Но если он раскроется перед Девяткиным, то вколотит гвоздь в крышку собственного гроба. И гроба жены. И не родившегося ребенка. Казакевич не бросает угрозы на ветер, он держит слово. И черт с ним. С ним и с его словом. «Если человек совершил хотя бы один хороший поступок, жизнь прошла не напрасно, – сказал себе Боков. – Попробуй раз в жизни, один только раз быть честным. А потом живи так, как жил раньше».

– Меня приставили к вам, чтобы я помог выйти на Тимонина, – выпалил Боков. – И его убьют по моей наводке. Мне угрожали, мне не оставили выбора…

– Это я понял ещё вчера вечером, – кивнул Девяткин. – Даже раньше. Понял, что Тимонина заказали. Рассказывай всю историю по порядку. Начни с начала и дальше по алфавиту.
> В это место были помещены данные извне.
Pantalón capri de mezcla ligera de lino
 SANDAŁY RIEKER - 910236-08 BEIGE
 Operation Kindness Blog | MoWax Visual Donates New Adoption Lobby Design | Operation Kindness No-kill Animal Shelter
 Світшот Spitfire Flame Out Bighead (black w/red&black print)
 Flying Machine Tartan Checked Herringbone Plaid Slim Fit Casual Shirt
– Хорошо, расскажу, – Боков вытащил из пачки сигарету. – А вы остановились здесь, в мотеле, чтобы меня расколоть?

Неожиданно Девяткин подмигнул Бокову одним глазом.

– А я думал, ты взрослый. Поговорить с тобой хотел, а не расколоть. И вместе решить, что делать дальше.

* * * *

Валиев очутился в Москве ранним утром. Солнце поднималось над городскими крышами, ещё не остывшими после вчерашнего знойного дня. Но и день наступивший не сулил прохлады, на бледно голубом небе висело единственное прозрачное облачко, похожее на купол раскрытого парашюта.

Водитель частник высадил Валиева возле Белорусского вокзала. Бригадир спустился в метро, но не подумал возвращаться в квартиру на Сретенке. Валиев не боялся милицейской засады, но решил соблюдать до конца собственные же правила. После дела на прежнюю съемную квартиру ни ногой. На этот случай имелся запасной аэродром: двухкомнатная квартира в Сокольниках, снятая по подложному паспорту ещё месяц назад и оплаченная вперед на полгода.

Валиев доехал до метро «Рижская», поднялся на эскалаторе. Выйдя в город, прошагал полтора квартала пешком до платной автомобильной стоянки рядом с гаражным кооперативом. Он расплатился с охранником, взял ключ от машины. Подошел к подержанным «Жигули», открыл багажник, отодвинул запаску. Под колесом в пакете лежали документы на машину, ключ от квартиры в Сокольниках, мобильный телефон и немного денег. Валиев проехал Рижскую эстакаду, остановился возле продуктового магазина, взял, чего попало.

С дороги он принял душ, наскоро закусил консервами. Затем набрал телефон Казакевича и сообщил, что груз отправлен адресату. И теперь, когда дело сделано, можно попить пивка. Казакевич хмыкнул и сказал, что в старой пивной он встречаться не хочет. У него есть бутылка водки и лучше увидеться в рюмочной в шесть вечера. Казакевич положил трубку.